Record by record, write out the listing word for word while omitting pictures.

···

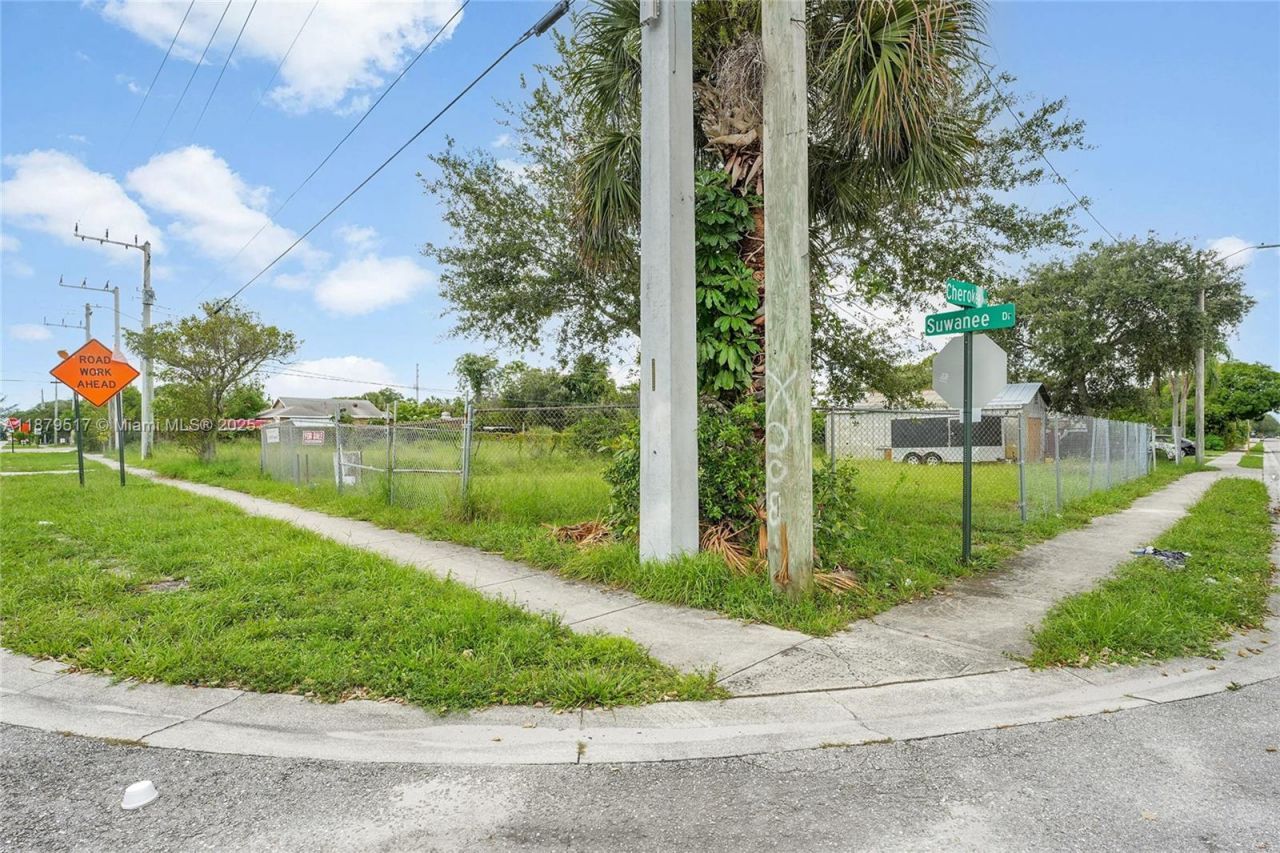 1819 Suwanee Dr, West Palm Beach, FL 33409 Photo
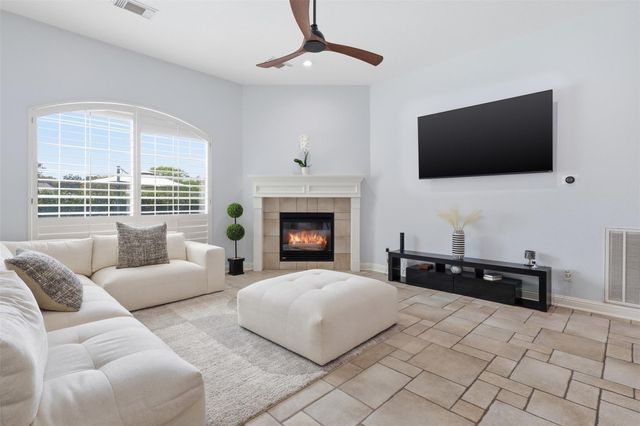 2118 Wild Dunes Cir, Katy, TX 77450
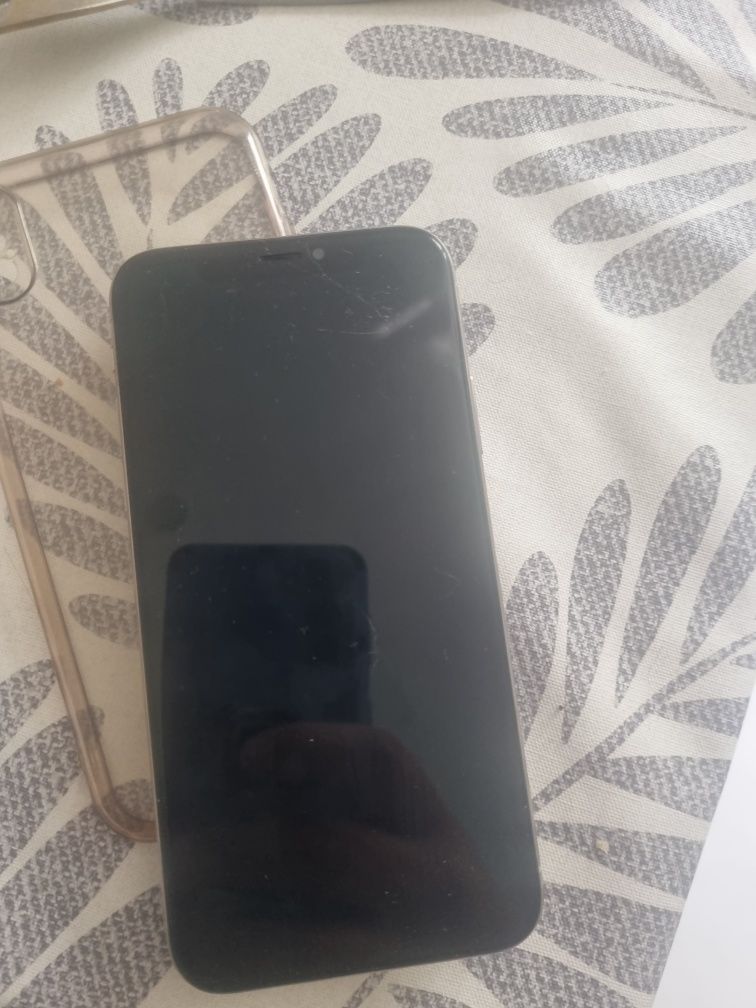 Iphone x (10) 256 гб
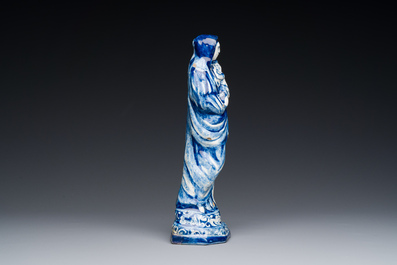 Rare Vierge &agrave; l'Enfant en fa&iuml;ence de Delft en bleu et blanc, dat&eacute;e 1738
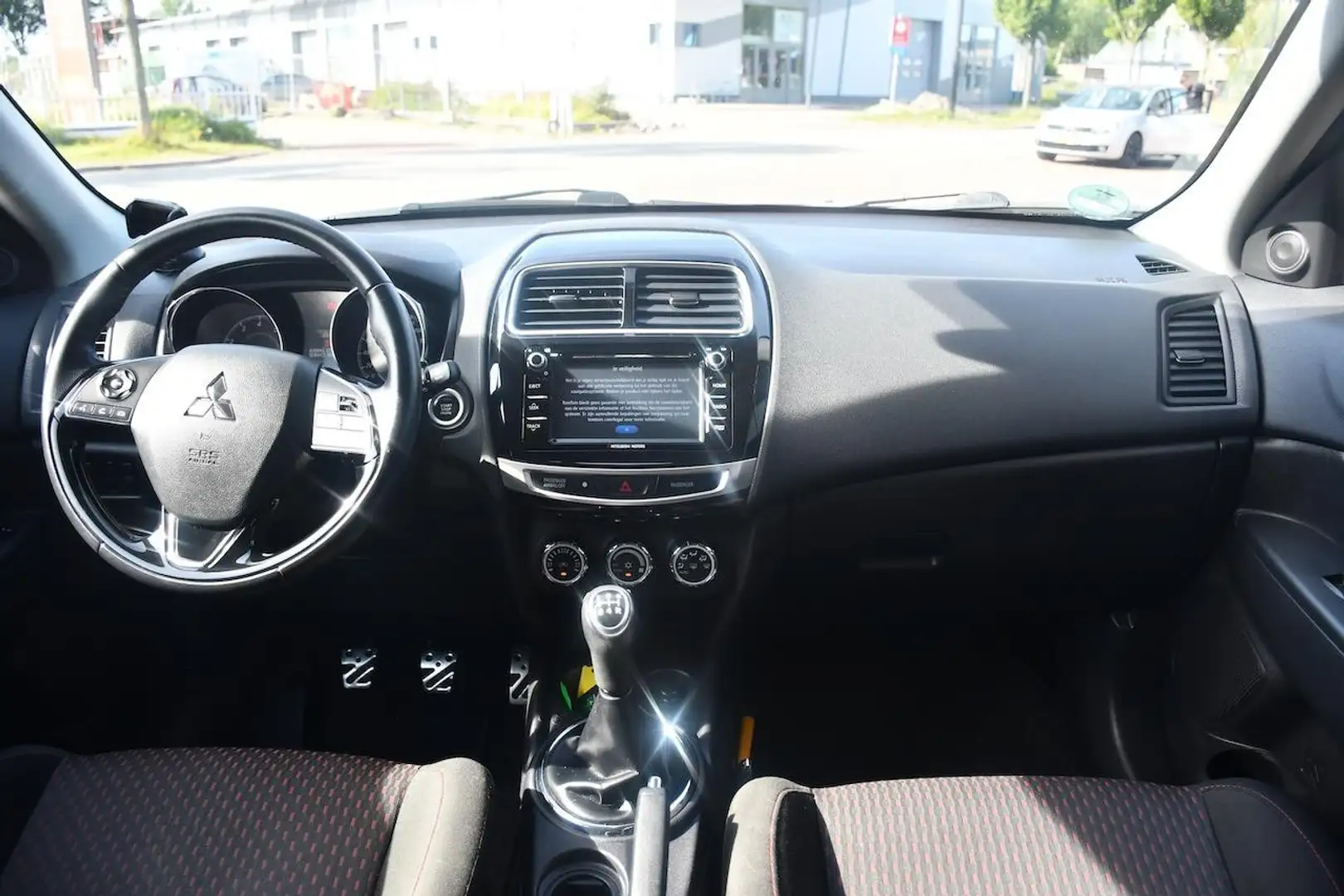 Mitsubishi ASX 1.6 Cleartec Connect Pro Clima|Cruise|Navi! Zwart - 2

···

◆ Reply to the task:
 1819 Suwanee Dr, West Palm Beach, FL 33409 Photo
 2118 Wild Dunes Cir, Katy, TX 77450
 Iphone x (10) 256 гб
 Rare Vierge &agrave; l'Enfant en fa&iuml;ence de Delft en bleu et blanc, dat&eacute;e 1738
 Mitsubishi ASX 1.6 Cleartec Connect Pro Clima|Cruise|Navi! Zwart - 2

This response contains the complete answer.